Data shown: Begin
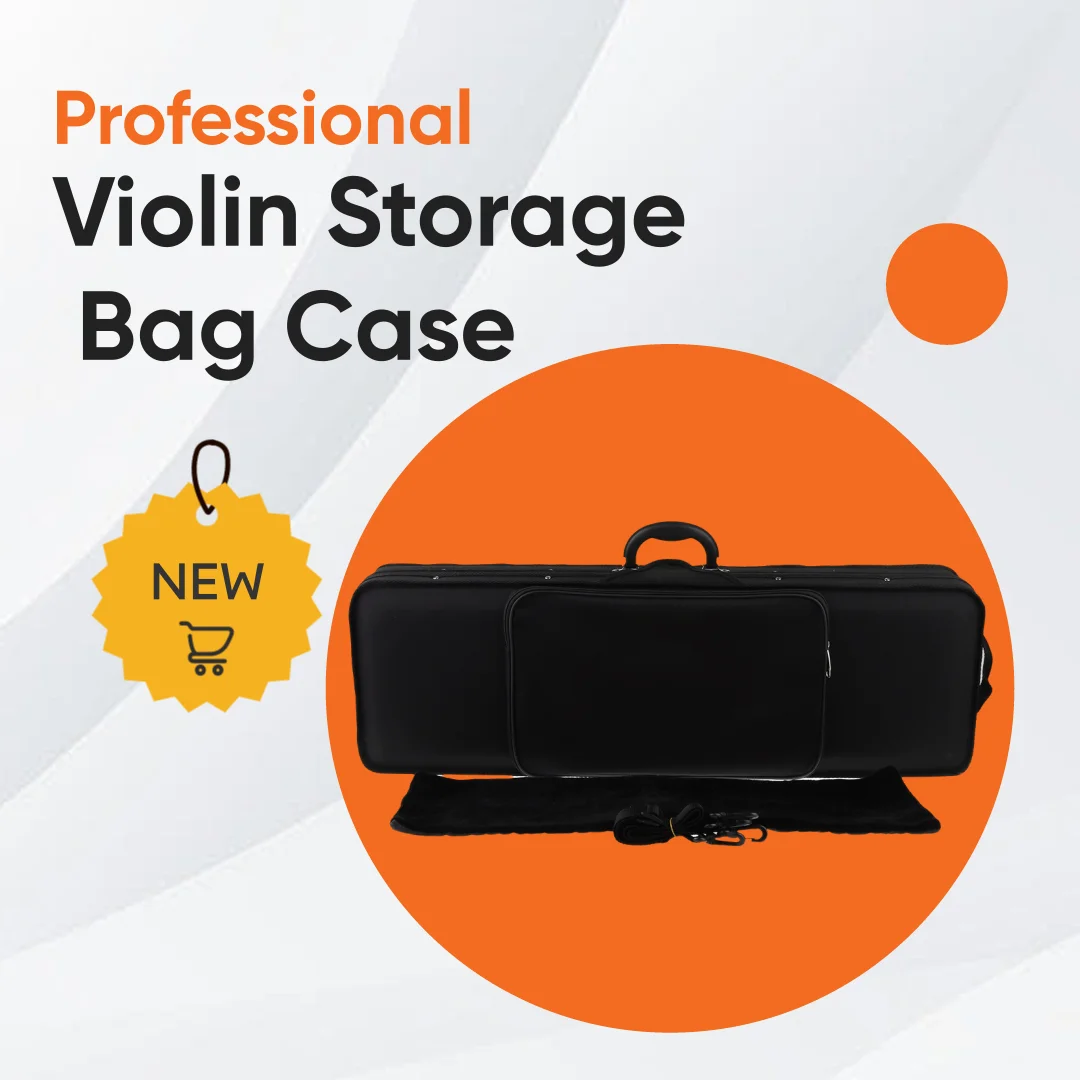 Professional 4/4 Full Size Violin Triangle Shape Case Box Hard & Super Light with Shoulder Straps Violin Case Built-in Hygromete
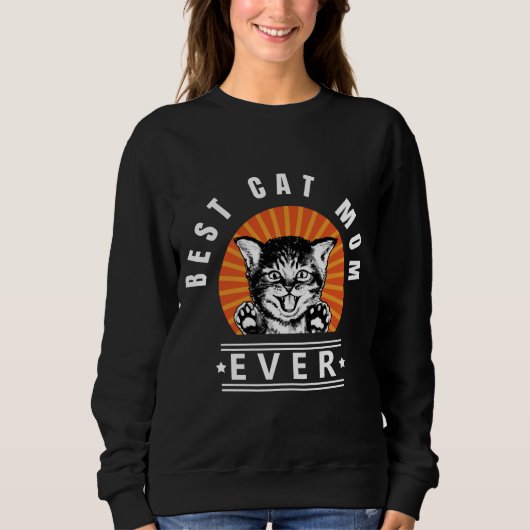 Beste Cat Mama je Vintag Sunburst Sweatshirt (Vorderseite)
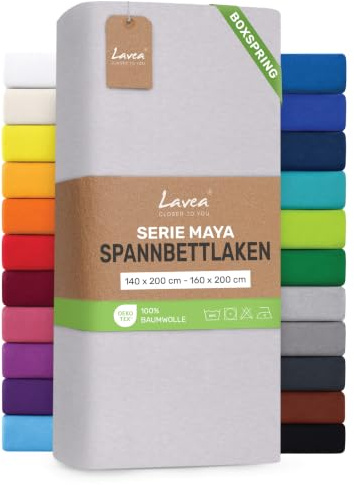 Lavea® Spannbettlaken 140-160x200 cm - für Boxspringbett – Silber | Jersey Spannbetttuch mit 40 cm Steghöhe, 100% Baumwolle, weich, atmungsaktiv, pflegeleicht, formstabil – Perfekte Passform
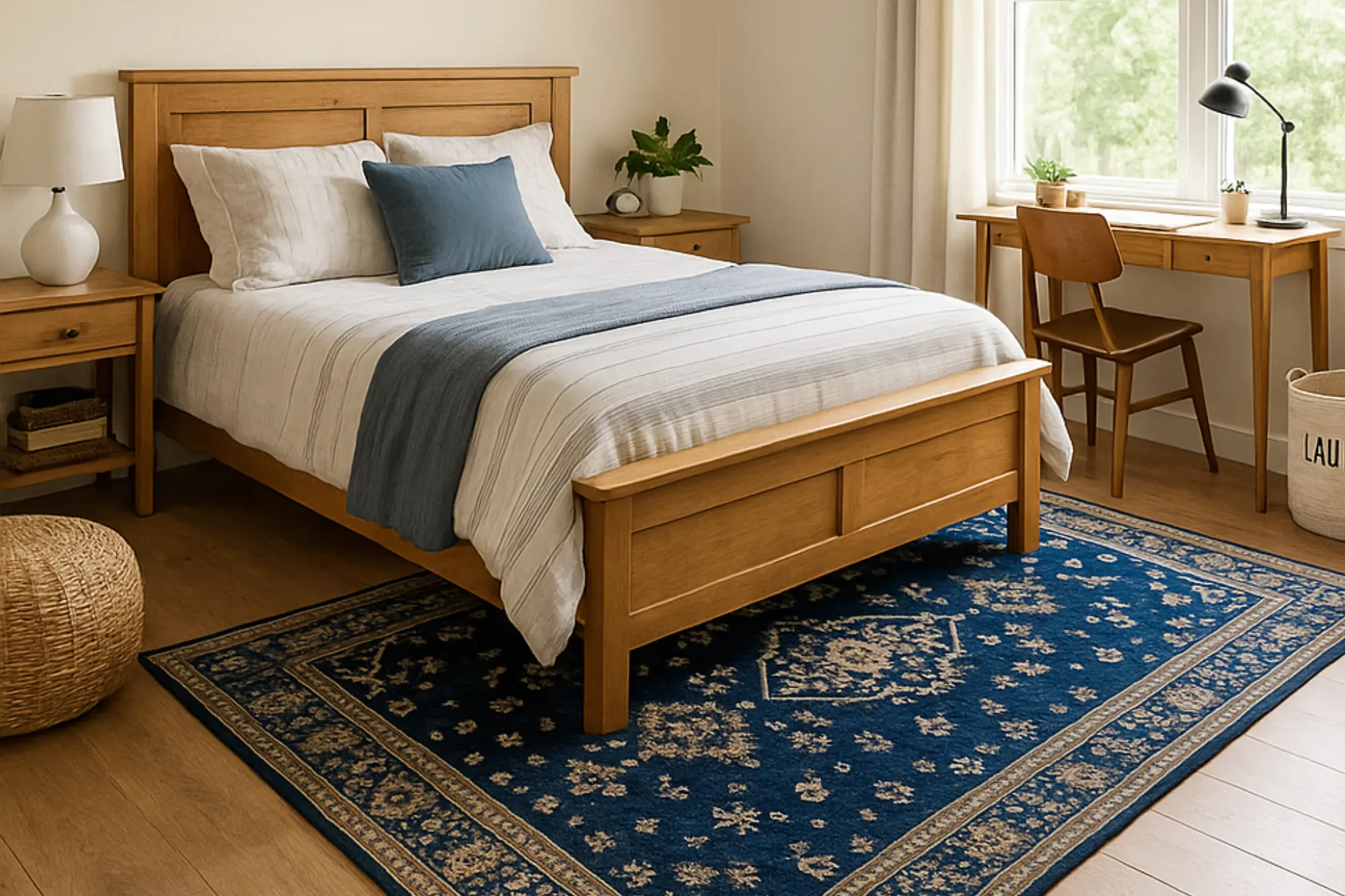 A spacious teen bedroom featuring a large navy blue Persian runner rug placed under a wooden bed.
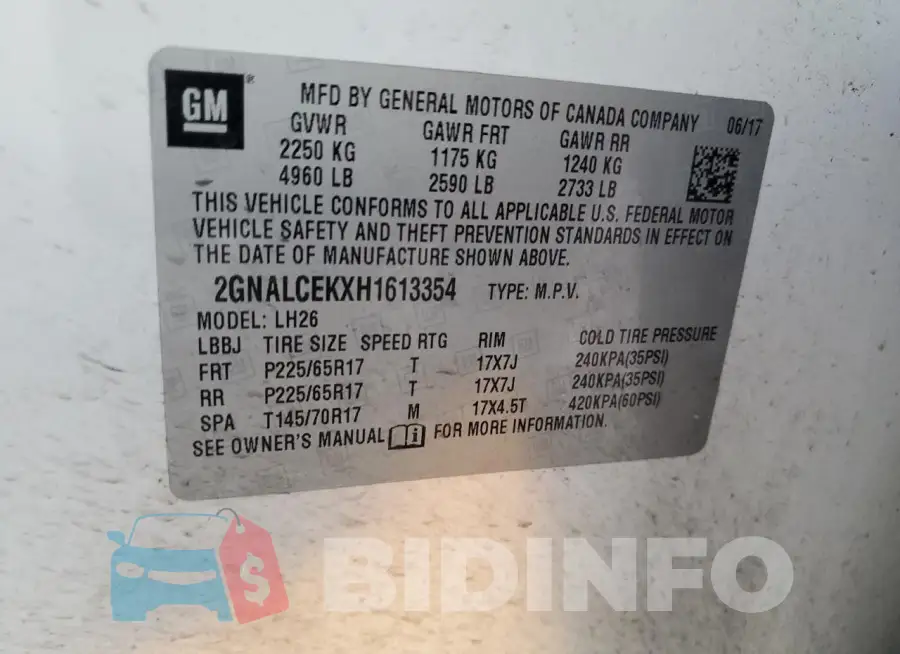 2GNALCEKXH1613354 Photo# 13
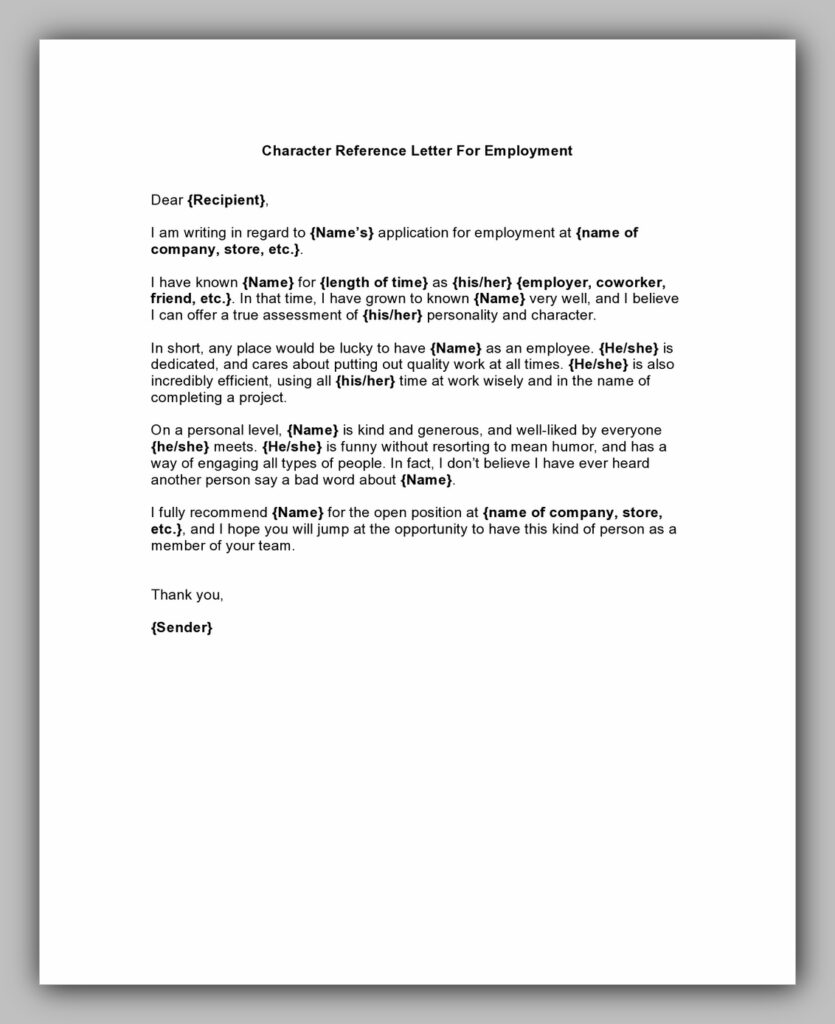 Character Reference Letter for employment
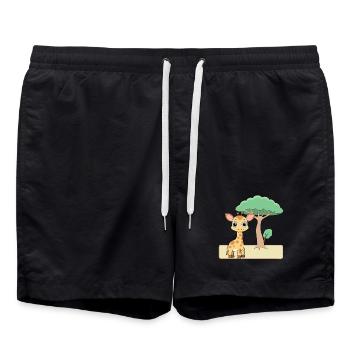 Bébé girafe mignonne près d’un arbre (v02) - Short de bain - noir - Devant - AI Model Male 185 light (185cm)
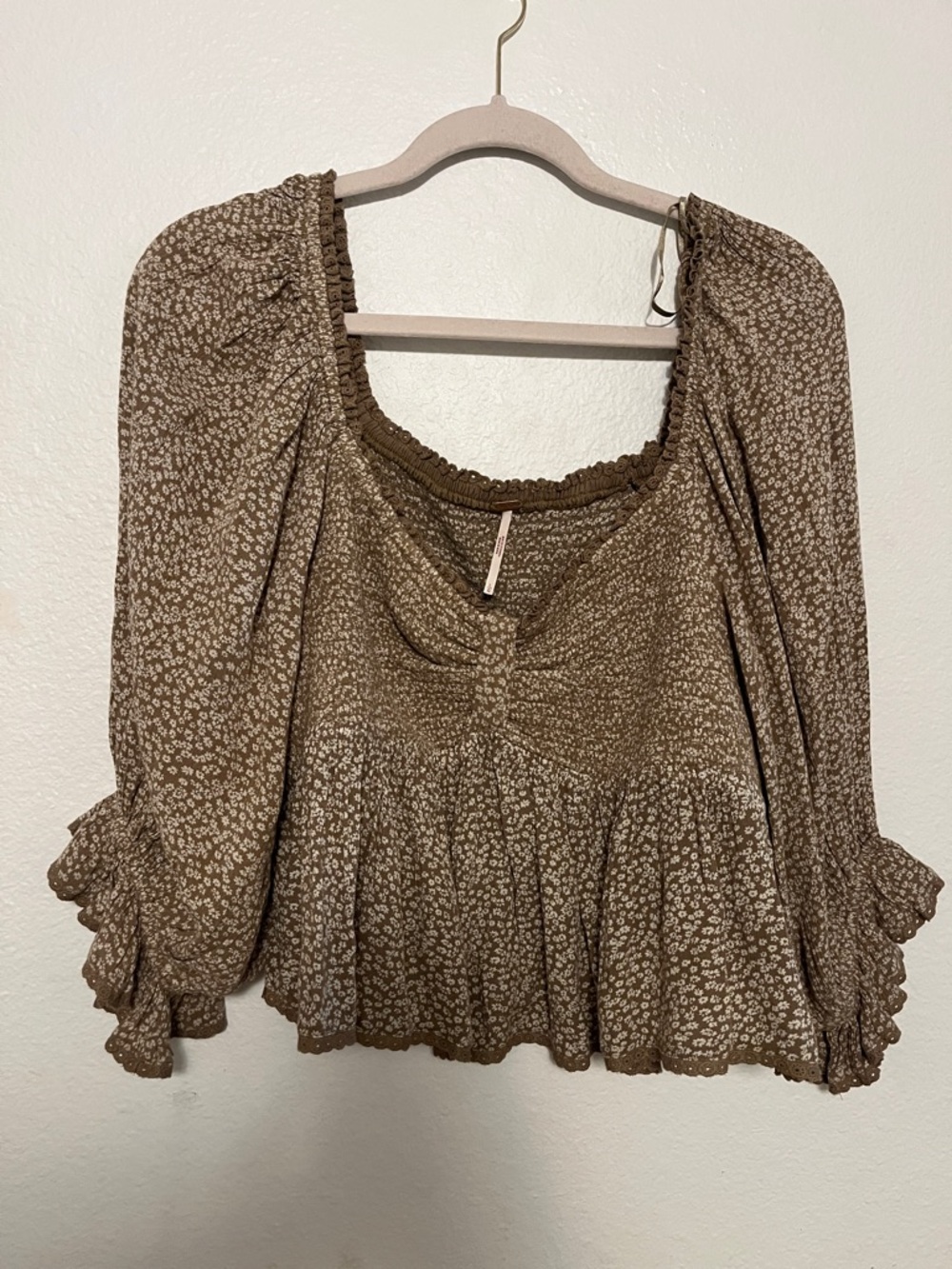 Free People Smocked Floral Peasant Blouse - Olive green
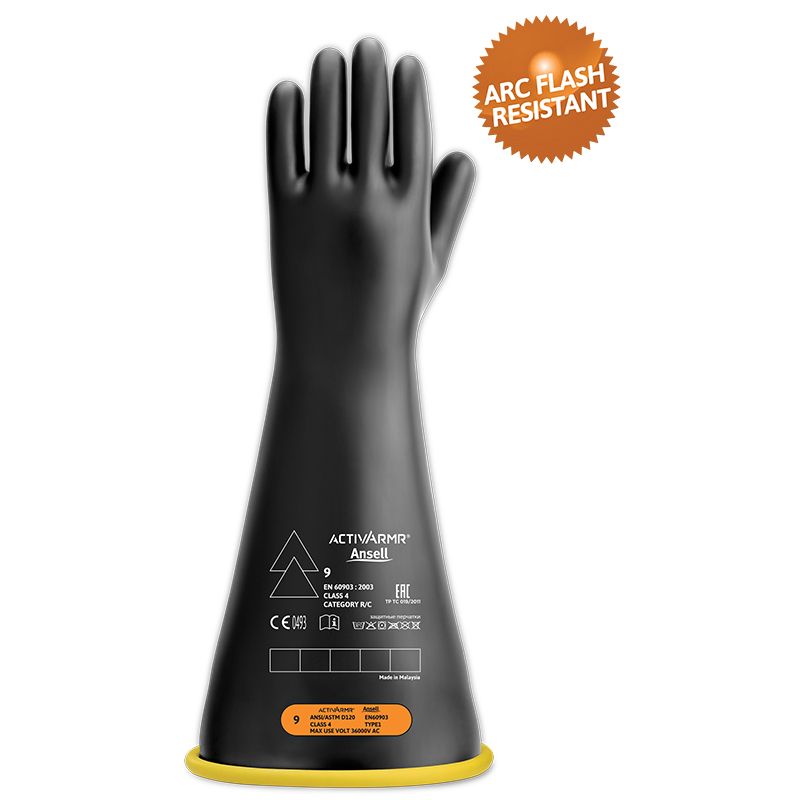 Guantes de seguridad eléctrica bicolor con una longitud de 18 pulgadas PM-RIG418YBSC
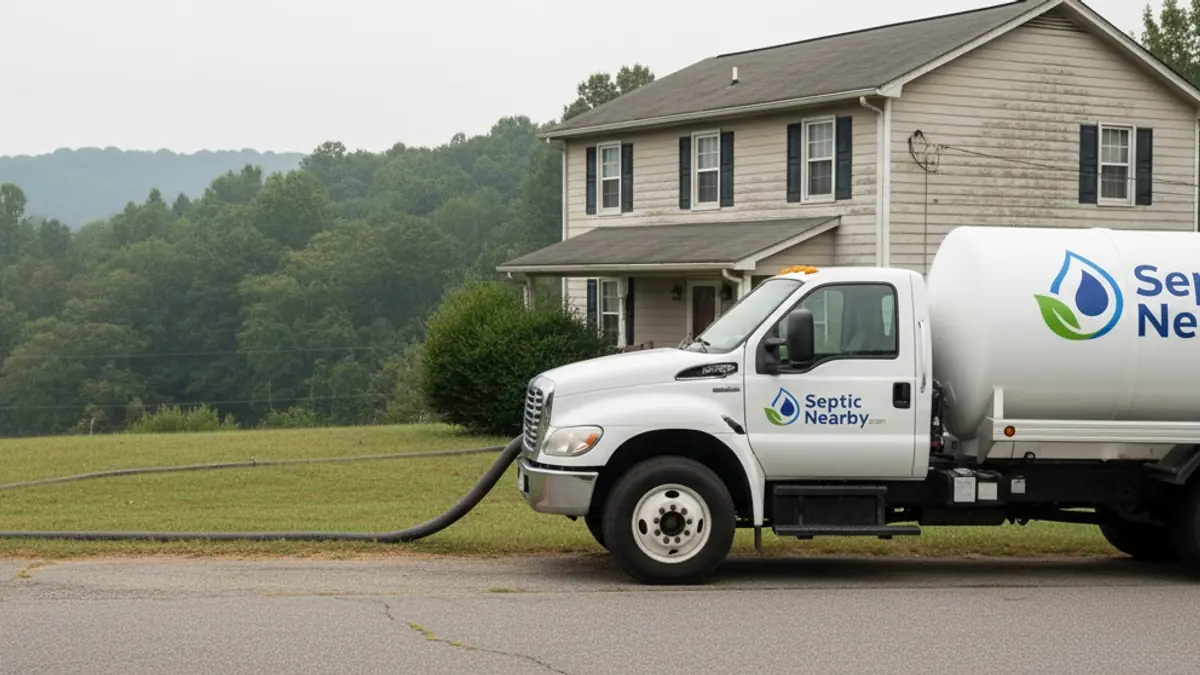 Illustrative photo of septic service in a residential area of The Rock, GA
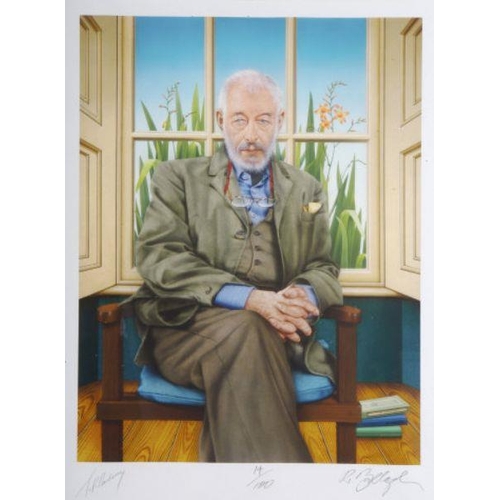 1790 - Robert Ballagh Portrait of JP Donleavy Fine Art Lithograph Signed by Both Artist and Sitter Approxim... 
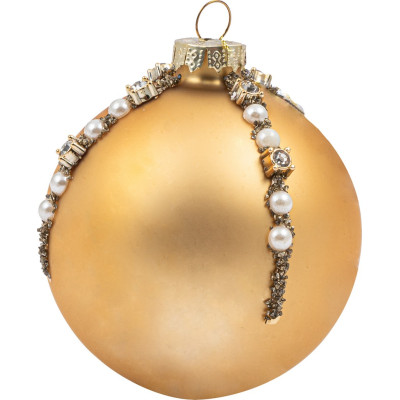 Χρυσή Γυάλινη Χριστουγεννιάτικη Μπάλα 8cm,Σέτ/6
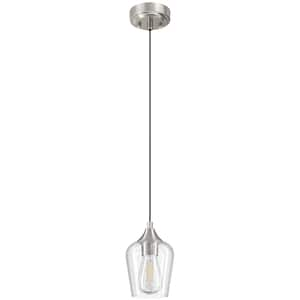 60 Watt 1-Light Brushed Nickel Mini Pendant Light with clear Glass Shade and Adjustable Height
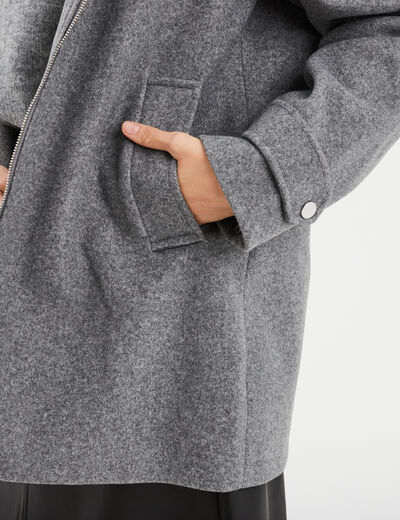 Manteau zipp&eacute; capuche fausse fourrure gris femme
Data shown: End
■ Problem description
The answer is the full listing above, repeated exactly, with its pictures removed.

■ Solution
 Professional 4/4 Full Size Violin Triangle Shape Case Box Hard & Super Light with Shoulder Straps Violin Case Built-in Hygromete
 Beste Cat Mama je Vintag Sunburst Sweatshirt (Vorderseite)
 Lavea® Spannbettlaken 140-160x200 cm - für Boxspringbett – Silber | Jersey Spannbetttuch mit 40 cm Steghöhe, 100% Baumwolle, weich, atmungsaktiv, pflegeleicht, formstabil – Perfekte Passform
 A spacious teen bedroom featuring a large navy blue Persian runner rug placed under a wooden bed.
 2GNALCEKXH1613354 Photo# 13
 Character Reference Letter for employment
 Bébé girafe mignonne près d’un arbre (v02) - Short de bain - noir - Devant - AI Model Male 185 light (185cm)
 Free People Smocked Floral Peasant Blouse - Olive green
 Guantes de seguridad eléctrica bicolor con una longitud de 18 pulgadas PM-RIG418YBSC
 Illustrative photo of septic service in a residential area of The Rock, GA
 1790 - Robert Ballagh Portrait of JP Donleavy Fine Art Lithograph Signed by Both Artist and Sitter Approxim... 
 Χρυσή Γυάλινη Χριστουγεννιάτικη Μπάλα 8cm,Σέτ/6
 60 Watt 1-Light Brushed Nickel Mini Pendant Light with clear Glass Shade and Adjustable Height
 Manteau zipp&eacute; capuche fausse fourrure gris femme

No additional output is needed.